病院の戸口を開けると梅水花園のボーイ、ライが立っていた。
黒医師が声をかけると「重たくてドアが開けられなかったんだよ」とライは答える。
両手に大きな木箱を抱えながら、どうやってドアノブをとろうか考えていたようだ。

「トニーさんがこれをドクターに持って行けって言うからさ」

木箱を机におくと、ライはため息をついた。開けるとその中には
ワインが4本入っている。

「おお、トニーも気が利くな。ちょうど酒がきれてたんだ。
・・・しかしおまえ、これくらいで重いか?」

少しは鍛えろ、と言わんばかりの目線にライはブルブルと首を振る。

「ドクター、これ幾らするか知らないの?値段が重たかったの、オレは。」

「ほぉ。いくらだ」

 

二人の話し声を聞いて、ねこが診察室から出てきた。

「あ、ライじゃない。珍しいね」

ねこに気付くと、ライは思い出したように立ち上がる。

「ねこ、今晩空いてる?お客様なんだ。トニーさんがなるべく来て欲しい、と伝えてくれって」

急な客の報せだったが、ねこはそれにうなずき夕方から花園に行くことを決めた。

 

黒医師が買い物に出かけてしまったので、ライとねこは二人でお茶を飲んで話をしていた。


「西大寺路でトラブルがあったんだって?」

ライはトニーから、「それとなく様子をみてきてくれ」とも頼まれていたので
ねこにさりげなく聞いてみた。

「うん。
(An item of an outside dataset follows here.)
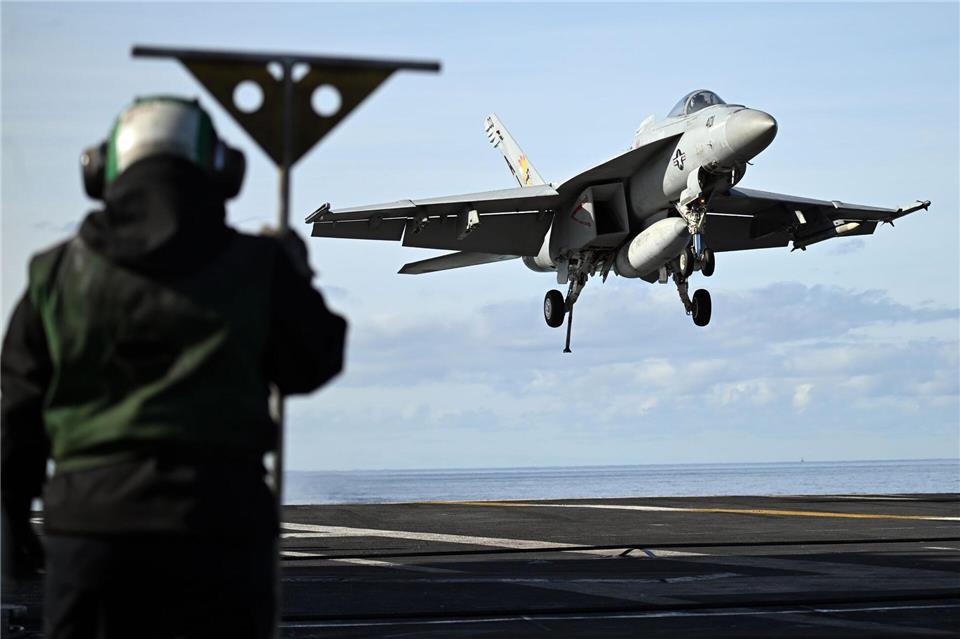 US-Flugzeugträger zu Nato-Übung in der Nordsee US-Flugzeugträger zu Nato-Übung in der NordseeFederico Gambarini/dpa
なんだか見ちゃマズそうな光景を見てしまって。シェルとダリアがね、今西大寺路に行ってるの」

「西大路路に?」

「そう。ダンという人に会いに。」

 

 

 

<西大寺路 ・ Bunch of Pigs店内>

中に入ると、そこは本当に普通のバーだった。

薄暗い店内にはテーブル席が10組ほど、奥に広々としたカウンターがある。
壁沿いにはソファや本棚が置かれ、5,6人の男女が座っている。
皆一様にシェルとダリアに目を向け沈黙していた。

カウンターの奥に、バーテンが鼻歌をうたいながら立っていた。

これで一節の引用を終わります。